Records drawn from a dataset:
********
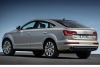 Audi потвърди Q8 официално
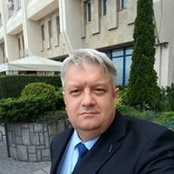 Олег Красовский's photo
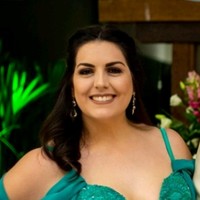 Alana Francieli Setti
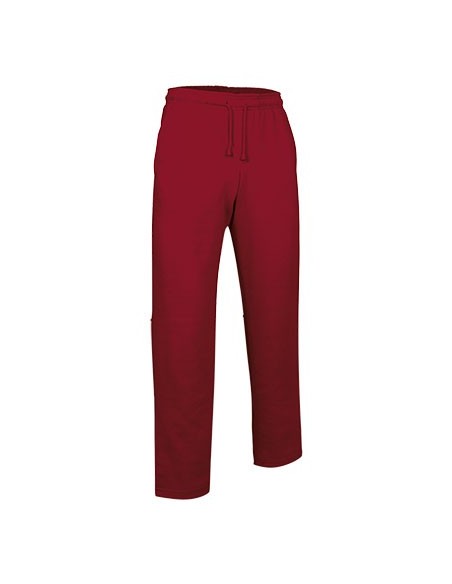 Pantalón Beat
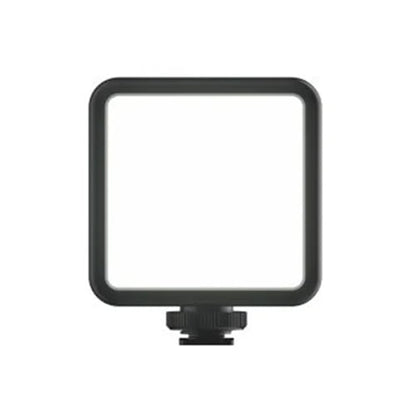 Vijim-VL81-Rechargeable-LED-Video-Light-Online-Buy-Mumbai-India - Hey Jimmy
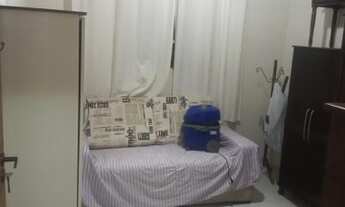 Imagem 5: CASA RESIDENCIAL em BRAGANÇA PAULISTA - SP, JARDIM SÃO MIGUEL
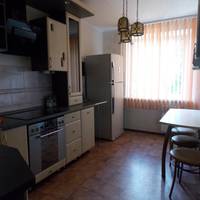 Apartment Kwartira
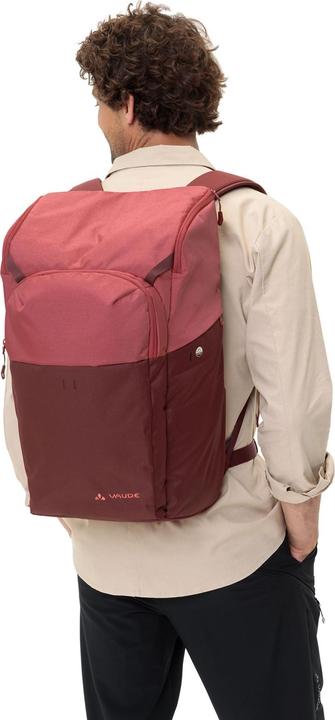 Image du produit Vaude Albali II (32 l)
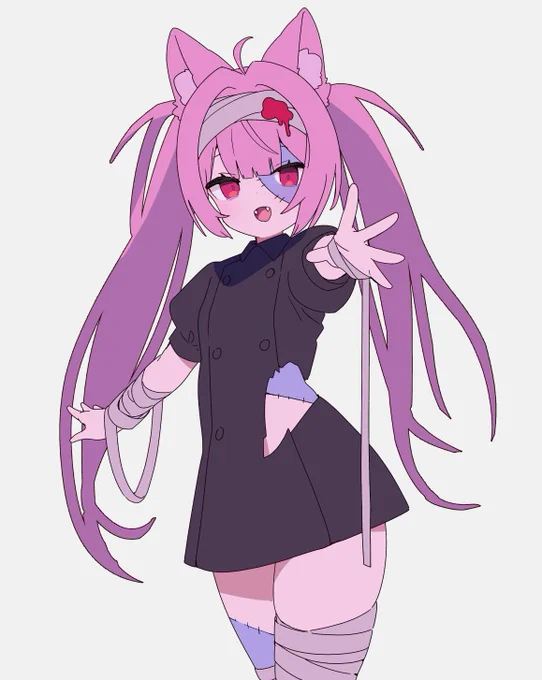 ら 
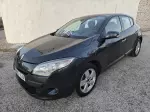 Miniatura 0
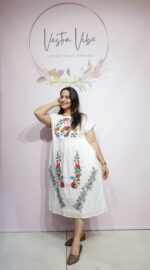 CLASSY ONE-PIECE - Image 3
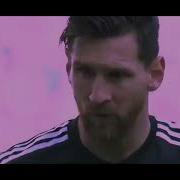 Ольга Бузова Мало Половин Mohamed Salah Cover
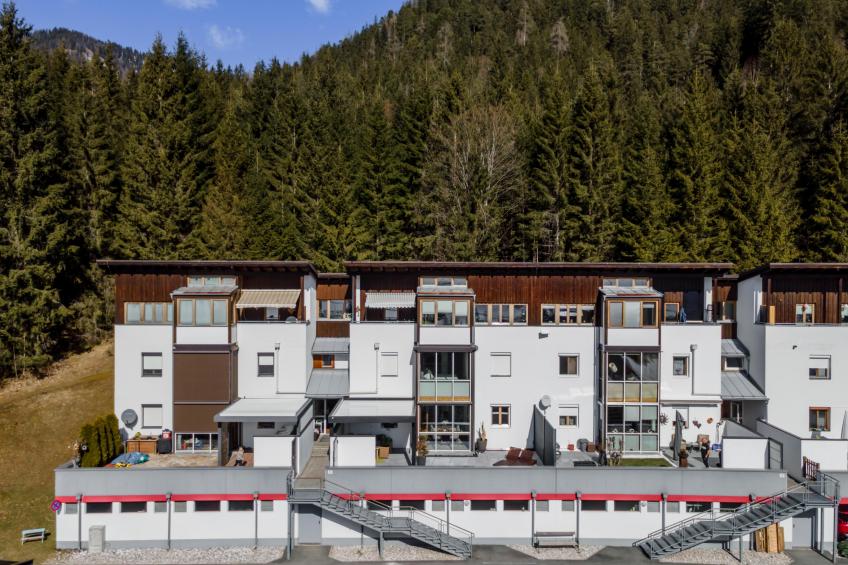 Steinbergblick - foto 35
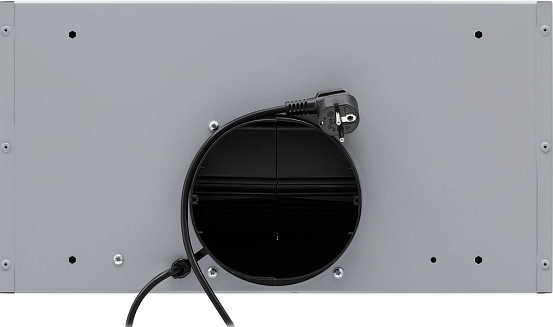 Вытяжка Krona ZANDER 600 DN WHITE S preview 7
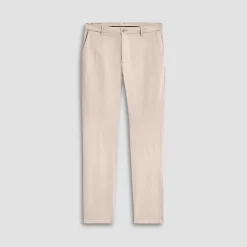 Parker Chino Pants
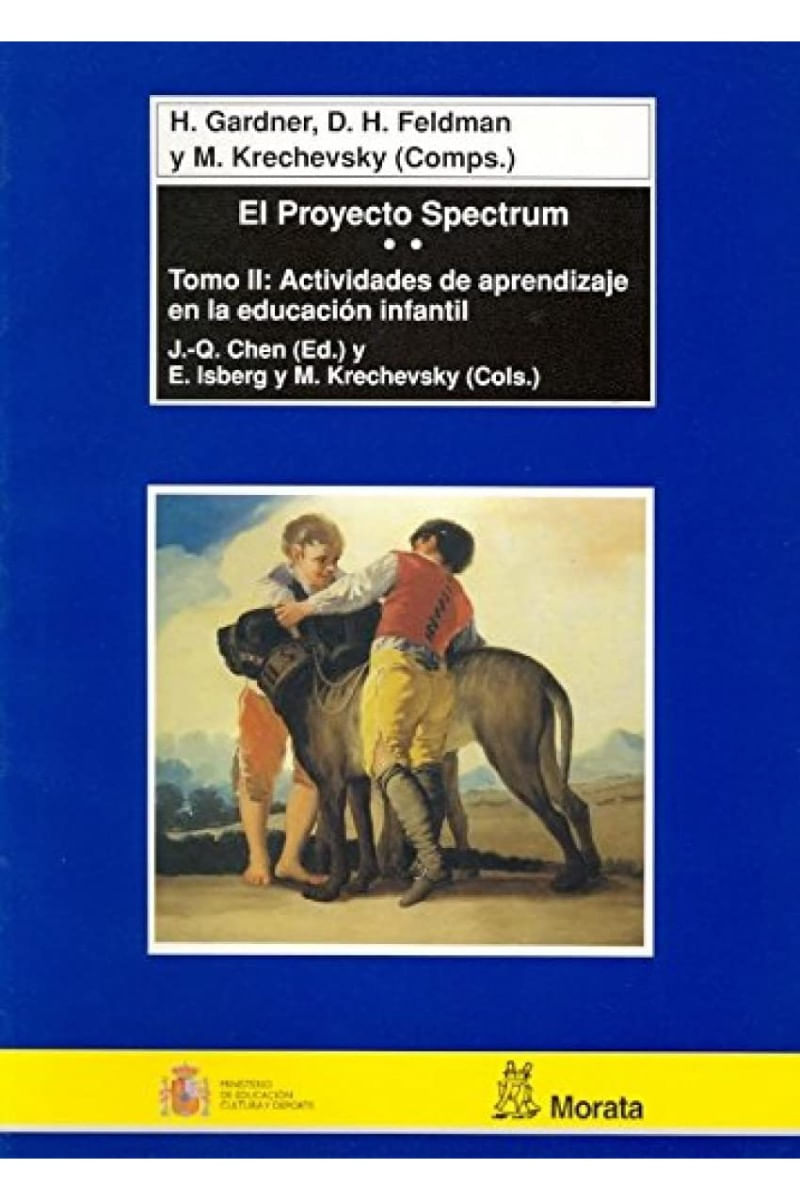 9788471124579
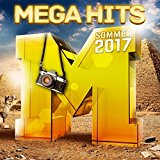 Sampler - RTL HITS Sommer 2017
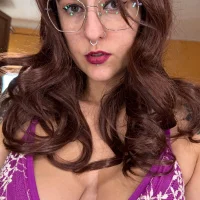Vioxxxa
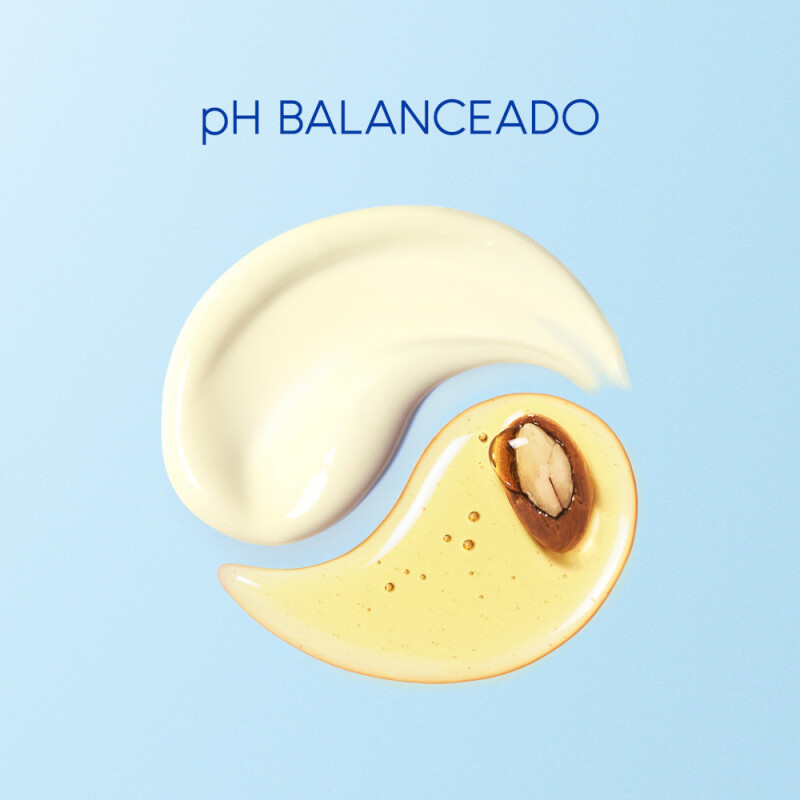 Shampoo Head & Shoulders Limpieza Y Revitalización Con Aceite De Argán 375 ml Shampoo Head & Shoulders Limpieza Y Revitalización Con Aceite De Argán 375 ml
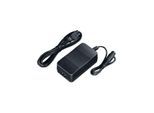 Canon Stromadapter »AC-E6N«
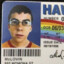 McLovin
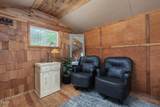 381 Anderson Creek Road - Photo 47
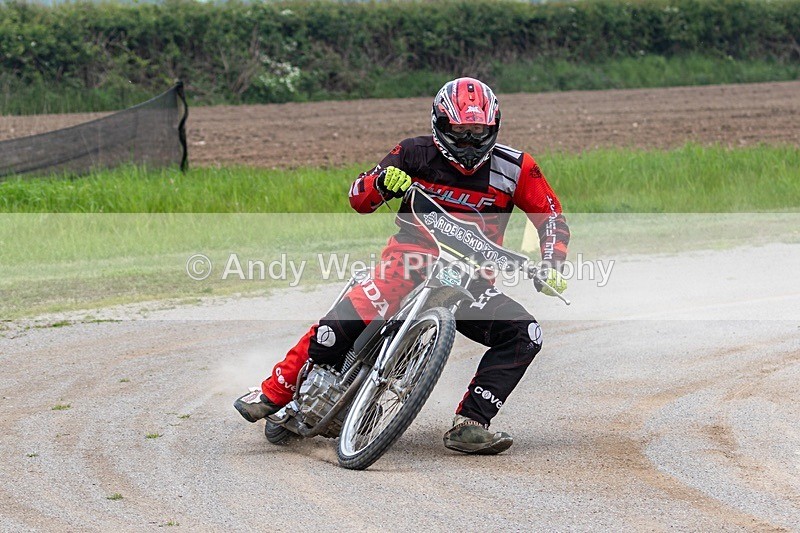 20260509-7D-8E0A6706 - Ride & Skid It. Speedway Experience Day 09th May 2026
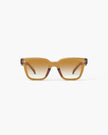Lunette de soleil adulte golden canyon Road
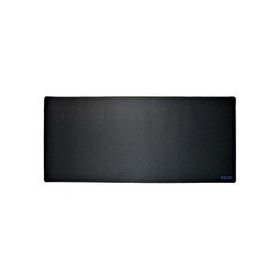 Inca IMP-018M 900x400 mm XXL Siyah Oyuncu Mouse Pad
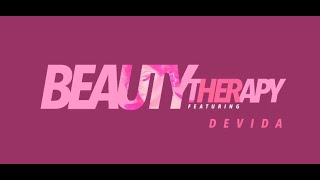 Beauty Therapy: Brow Blocking for Drag and Theatre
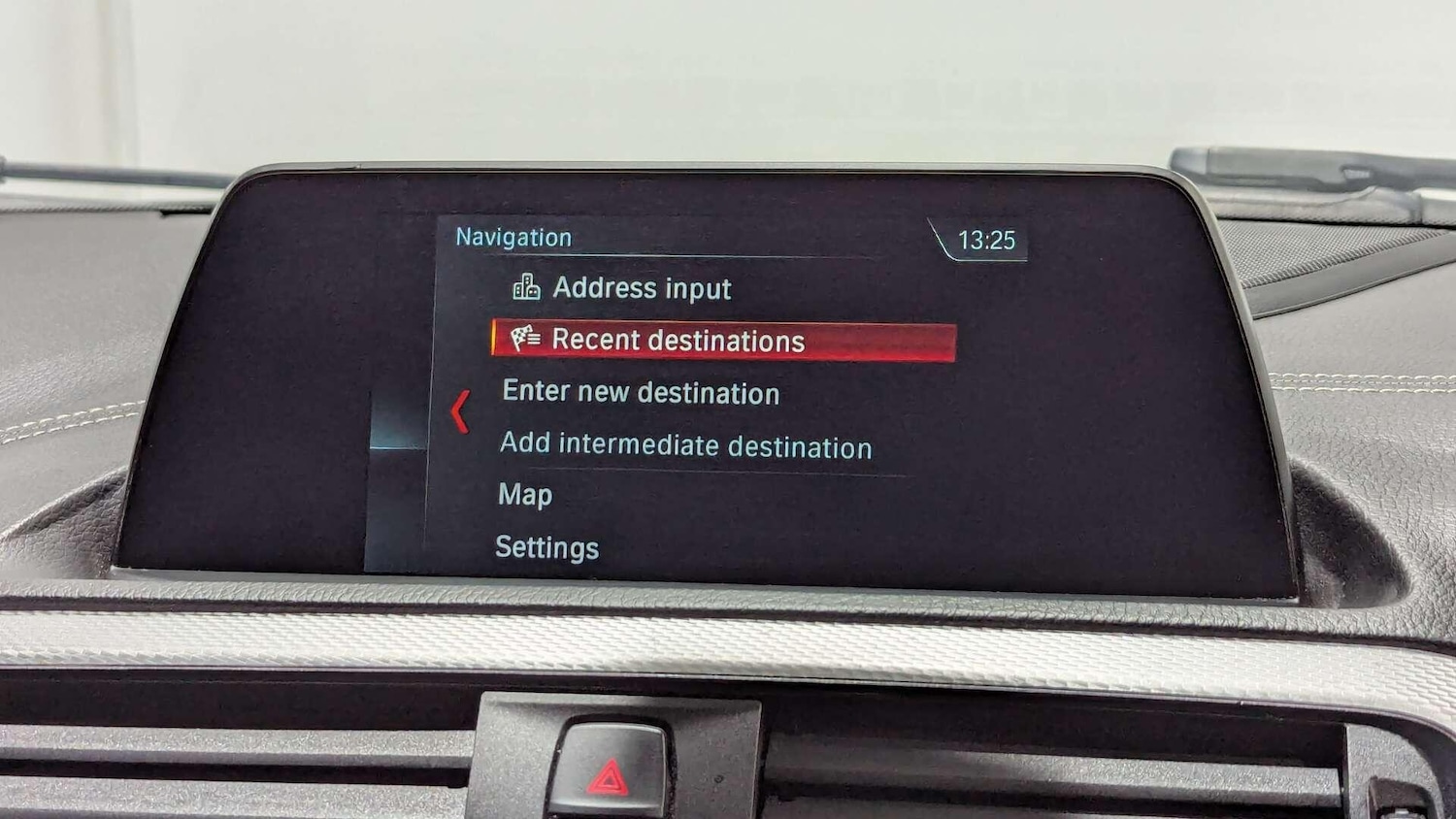 Used BMW 1 Series 2018 for sale - 77344032: Photo 44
********
Exercise instructions:
Print from the line containing "CLASSY ONE-PIECE - Image 3" through the line containing "Inca IMP-018M 900x400" in the data above, exactly as the lines stand, and omit every picture.

Solution for this problem:
 CLASSY ONE-PIECE - Image 3
 Ольга Бузова Мало Половин Mohamed Salah Cover
 Steinbergblick - foto 35
 Вытяжка Krona ZANDER 600 DN WHITE S preview 7
 Parker Chino Pants
 9788471124579
 Sampler - RTL HITS Sommer 2017
Vioxxxa
 Shampoo Head & Shoulders Limpieza Y Revitalización Con Aceite De Argán 375 ml Shampoo Head & Shoulders Limpieza Y Revitalización Con Aceite De Argán 375 ml
 Canon Stromadapter »AC-E6N«
 McLovin
 381 Anderson Creek Road - Photo 47
 20260509-7D-8E0A6706 - Ride & Skid It. Speedway Experience Day 09th May 2026
Lunette de soleil adulte golden canyon Road
 Inca IMP-018M 900x400 mm XXL Siyah Oyuncu Mouse Pad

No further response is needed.